Lions' Den grew out of the related Nablus Brigade. Ibrahim al-Nabulsi was a co-founder of both groups. Lions' Den was first identified by Palestinian media in August 2022, when it claimed responsibility for an attack on IDF soldiers in Rujeib, West Bank. The group then held a rally in Nablus in September, honouring two Palestinian Islamic Jihad members who had been killed in July. The same month, Israeli police said that they had foiled a plan by the group to carry out a large-scale attack in southern Tel Aviv, and arrested a suspect trying to enter the city carrying two pipe bombs and a submachine gun.
The Palestinian Authority also made an arrest of an individual associated with the group in Nablus, resulting in clashes between hundreds of militants and security forces, and one civilian being shot and killed by the PA force. In late September, shots were fired at the Israeli settlement of Har Bracha and a nearby military post, and the Lions' Den claimed responsibility. A Lions' Den member was later killed in an IDF ambush.

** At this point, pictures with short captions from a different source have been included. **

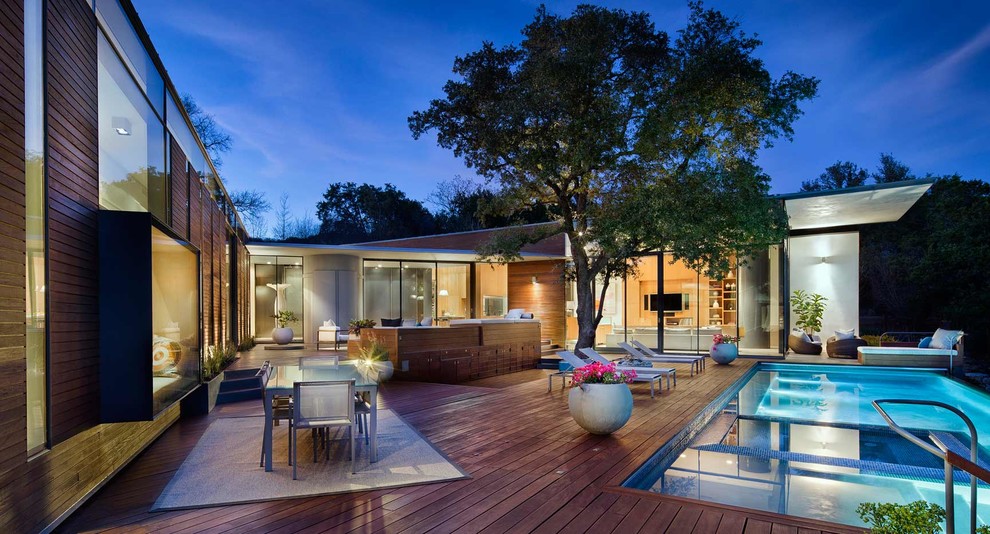 Deck - large modern backyard deck idea in Austin with no cover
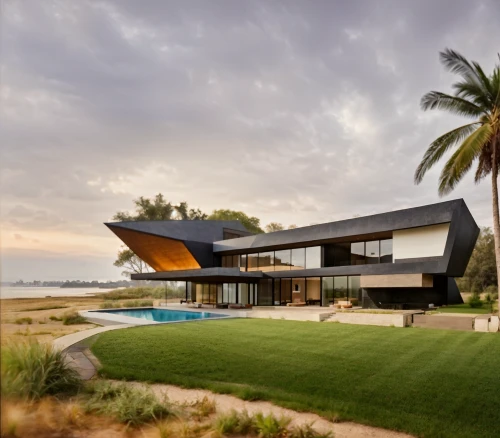 dunes house,house by the water,modern house,beach house,modern architecture,cube house,cube stilt houses,tropical house,beachhouse,mid century house,luxury property,luxury home,holiday villa,smart house,florida home,beautiful home,cubic house,summer house,house shape,house with lake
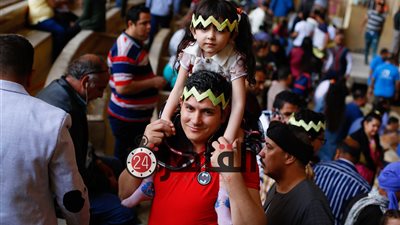 مشاهد من احتفال الأقباط بـ”أحد السعف” في دير سمعان الخراز بالمقطم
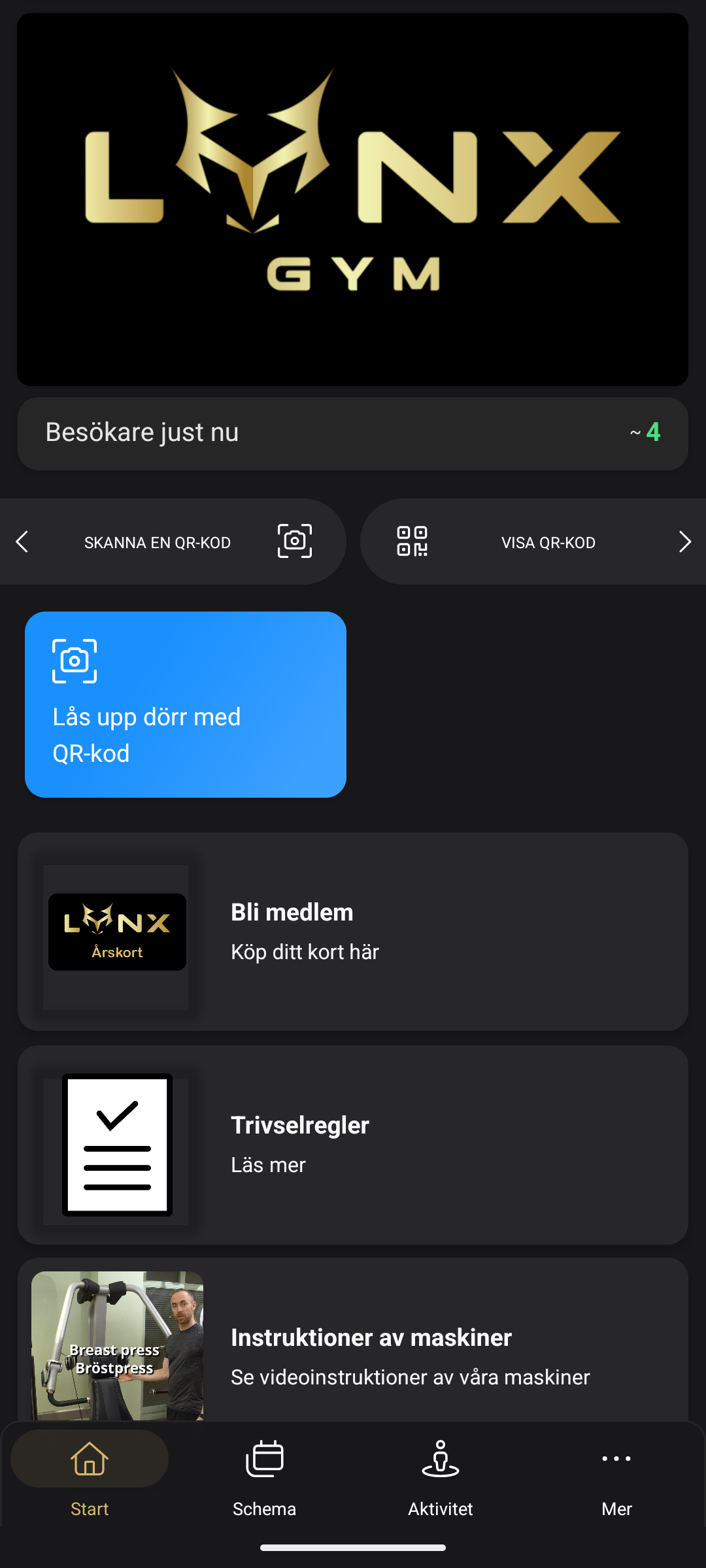 Skärmbild av appen Lynx Gym med den blå knappen Lås upp dörr med QR-kod överst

In October, a taxi and bus were shot at by militants near Elon Moreh in the West Bank, injuring the taxi driver. A demonstration by local Israeli settlers to protest the incident was attacked with gunfire, wounding a soldier. The Lions' Den claimed responsibility for the incidents. Shots were also fired at Israeli troops near Itamar and Beita, but nobody was harmed.
An IDF raid on 5 October to find the suspects of the earlier attacks resulted in the arrest a member of the group and one militant being killed. Israeli settlers held a demonstration on 11 October in Jerusalem to protest the recent attacks. A 21-year-old Israeli soldier who had been assigned to defend the group was shot and killed, and the Lions' Den claimed responsibility.

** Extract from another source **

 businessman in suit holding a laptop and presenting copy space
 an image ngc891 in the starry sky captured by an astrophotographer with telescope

Israeli media reported in mid-October that Prime Minister Yair Lapid, alternate prime minister Naftali Bennett and Defense Minister Benny Gantz along with the heads of Israel's Mossad and Shin Bet, met to discuss the group and the recent escalations in the West Bank. On 18 October, another member of the group was arrested by the IDF. On 23 October, another member of the Lions' Den, was killed by a bomb planted on a motorcycle in Nablus, in the occupied West Bank.

=== Assassinations ===

On 25 October 2022, Israeli soldiers raided an apartment in Nablus allegedly in use by the group as a headquarters. Three Lions' Den militants were killed, including leader and co-founder Wadee al-Houh. Two Palestinian civilians were also killed in the nearby areas. Protests erupted in the town of Nabi Saleh hours after the raid, resulting in a Palestinian man being killed by Israeli soldiers.

In February 2023, Israeli soldiers conducted a military incursion into the Palestinian city of Nablus. The initial targets were Lions' Den members Husam Bassam Isleem (24) and Muhammad Omar “Juneidi” Abu Bakr (23), who were shot and killed. Five other group members were also killed during firefight in the city. Four Palestinian civilians, including three elderly men and a boy, were also killed by the Israeli soldiers.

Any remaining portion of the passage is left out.